═════ THE INPUT

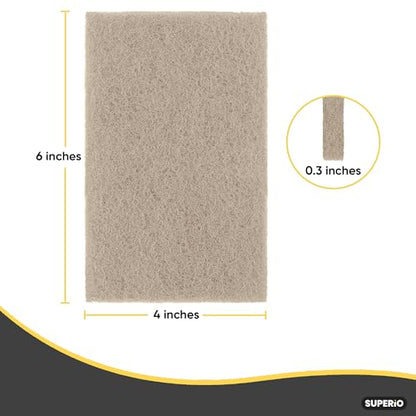 Natural scouring Pad Non-Scratching Natural Sisal Plant Based Scrubber Non-Scratch Cleaning Scrub Pads, Eco-Friendly Reusable Kitchen Scrubbing Pad Pack of 3, By Superio - size: Natural (3-pack)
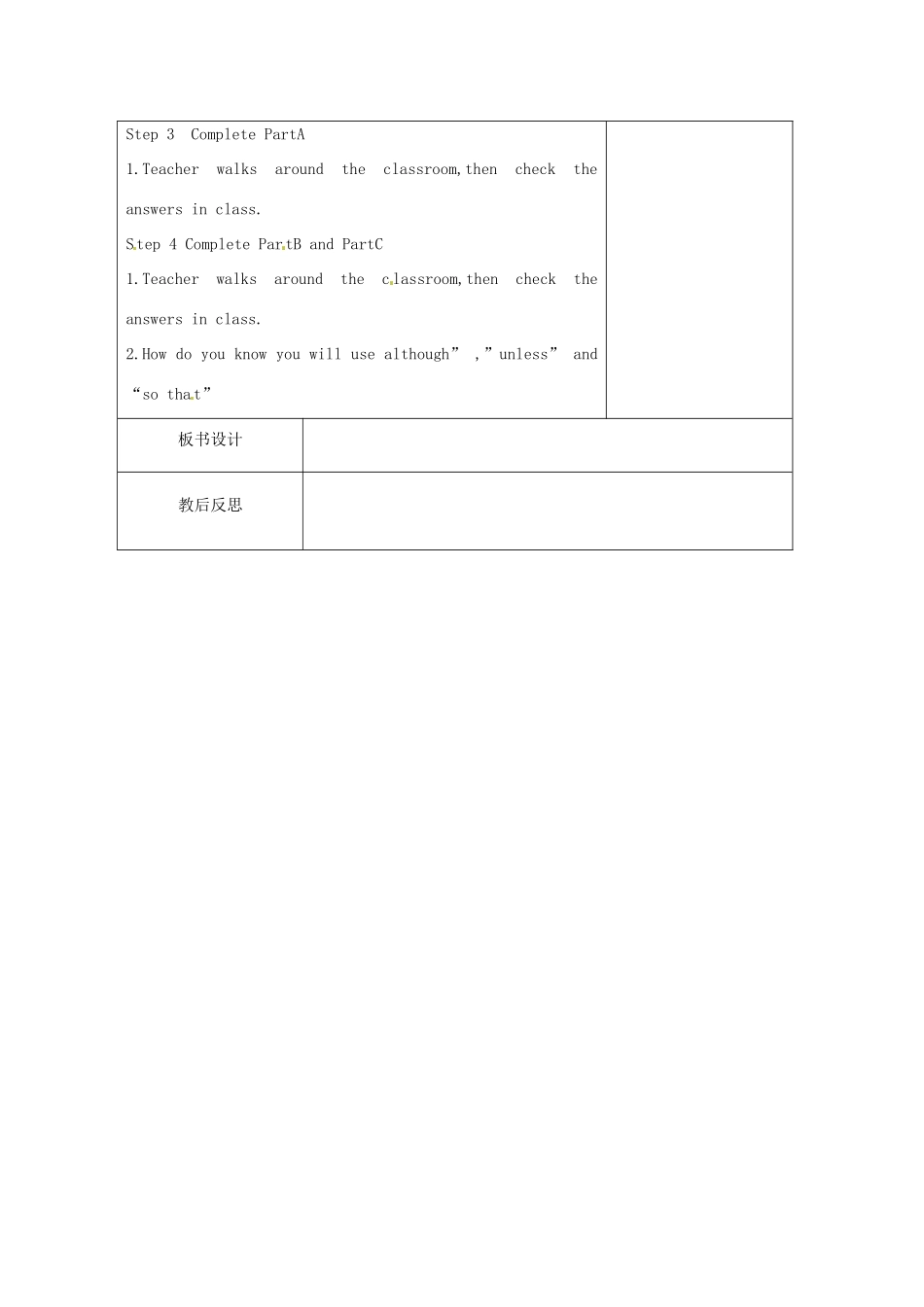 江苏省新沂市王楼中学九年级英语下册《Unit3 Asia：Grammar》教案 牛津版_第3页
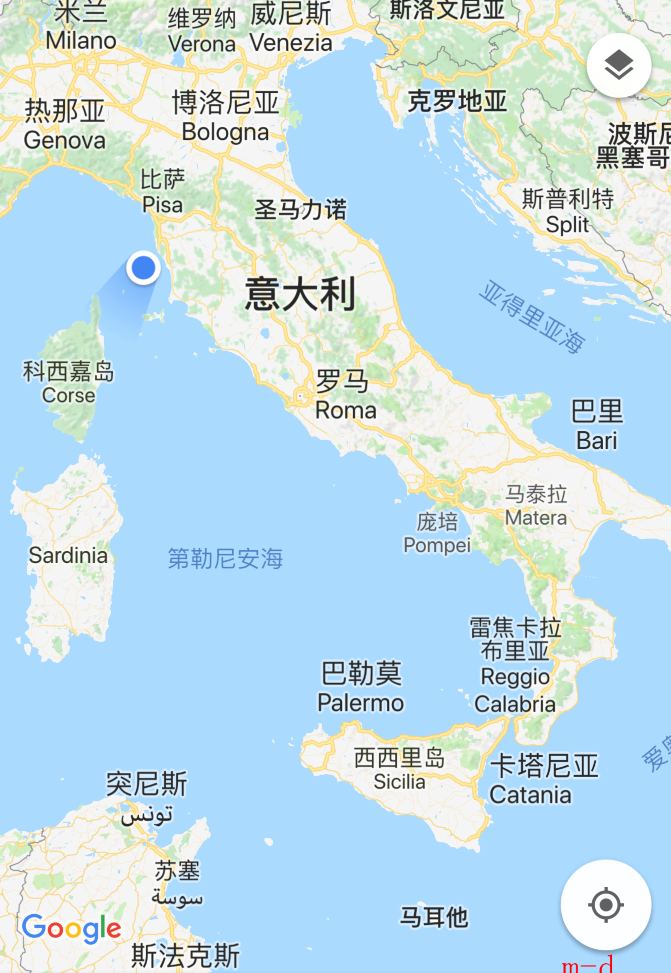 亚平宁半岛,科西嘉岛,撒丁岛之间的海域,是利古里亚海.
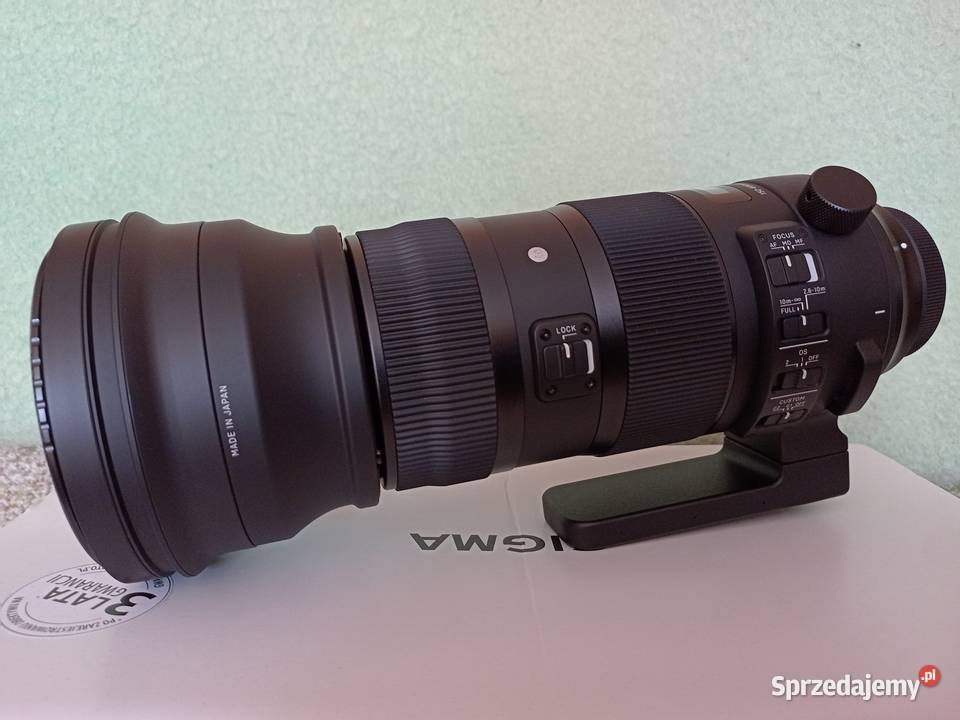 Sigma 150600 DG OS HSM Sport CANON Książ Wielkopolski sprzedam
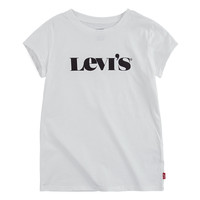 tekstylia Dziewczynka T-shirty z krótkim rękawem Levi's MODERN VINTAGE SERIF TEE Biały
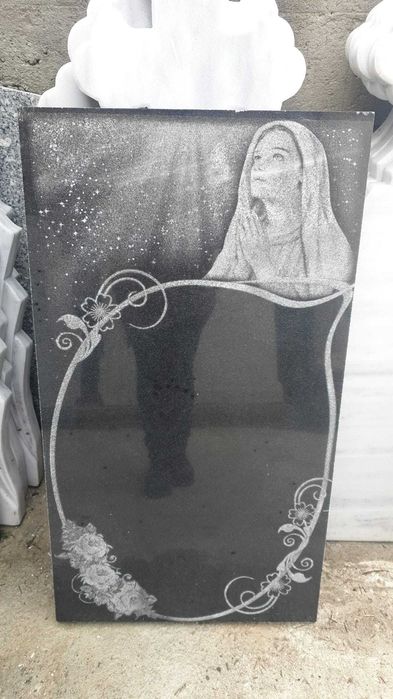 CNC fotogravura granit fiberlaser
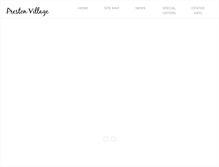 Tablet Screenshot of prestonvillageshoppingcenter.com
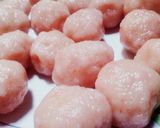 Foto langkah ke 1 dari resep Pempek Bola Udang Keju Goreng.
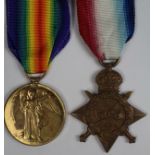 1915 Star and Victory Medal to 55170 Gnr Ernest Joseph Byford D. Btty. 117th Bde. Royal Field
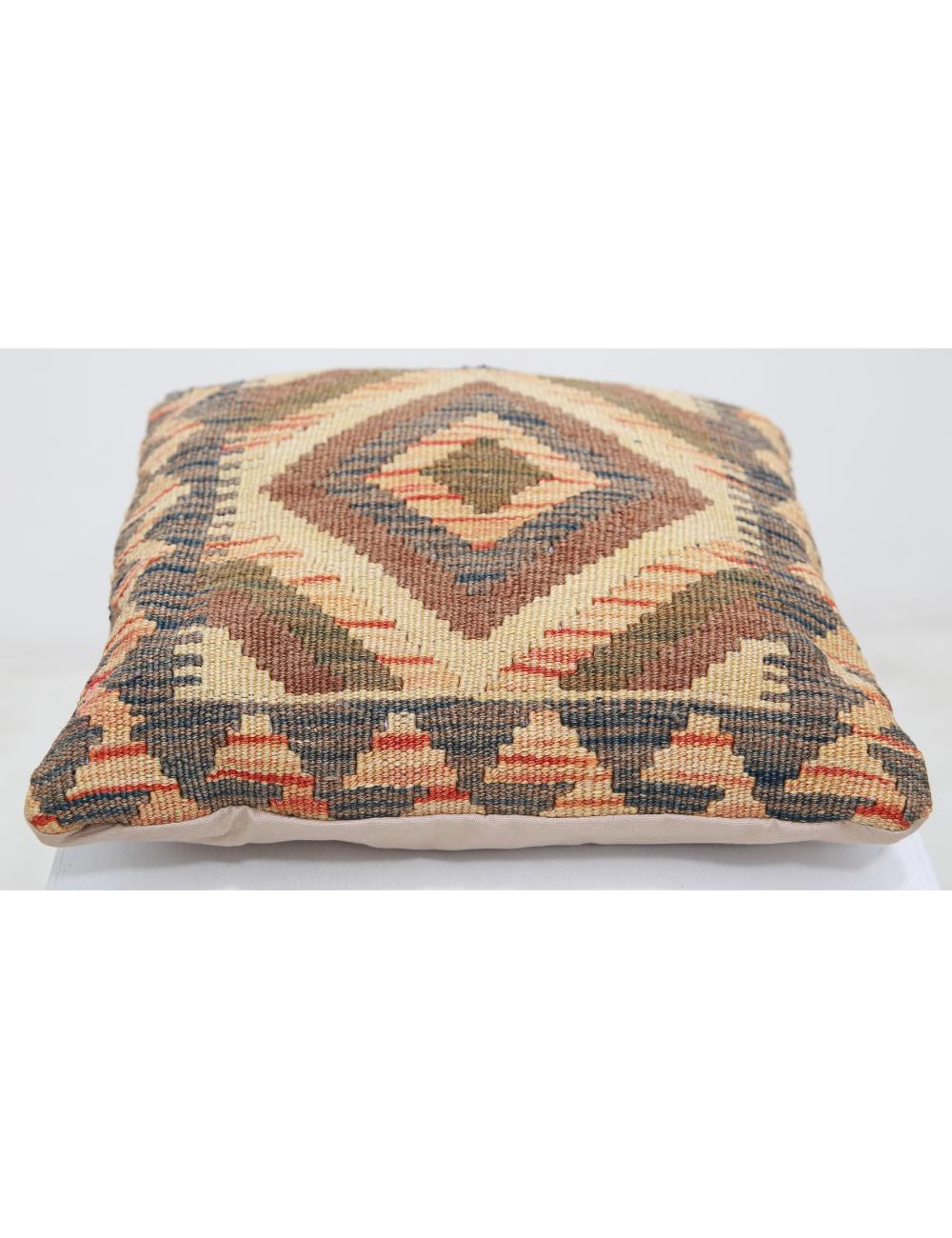 Pillows 1' 5" X 1' 5" Hand-Woven Wool Pillow 1' 5" X 1' 5" (43 X 43) / Multi / Multi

══════════

> [EXERCISE PROMPT]: Output each record above exactly as it stands, excluding all pictures.

> [ANSWER SPACE]:
 Natural scouring Pad Non-Scratching Natural Sisal Plant Based Scrubber Non-Scratch Cleaning Scrub Pads, Eco-Friendly Reusable Kitchen Scrubbing Pad Pack of 3, By Superio - size: Natural (3-pack)
 江苏省新沂市王楼中学九年级英语下册《Unit3 Asia：Grammar》教案 牛津版_第3页
 亚平宁半岛,科西嘉岛,撒丁岛之间的海域,是利古里亚海.
 Sigma 150600 DG OS HSM Sport CANON Książ Wielkopolski sprzedam
 tekstylia Dziewczynka T-shirty z krótkim rękawem Levi's MODERN VINTAGE SERIF TEE Biały
 CNC fotogravura granit fiberlaser
 Tablet Screenshot of prestonvillageshoppingcenter.com
 Foto langkah ke 1 dari resep Pempek Bola Udang Keju Goreng.
 1915 Star and Victory Medal to 55170 Gnr Ernest Joseph Byford D. Btty. 117th Bde. Royal Field
 Pillows 1' 5" X 1' 5" Hand-Woven Wool Pillow 1' 5" X 1' 5" (43 X 43) / Multi / Multi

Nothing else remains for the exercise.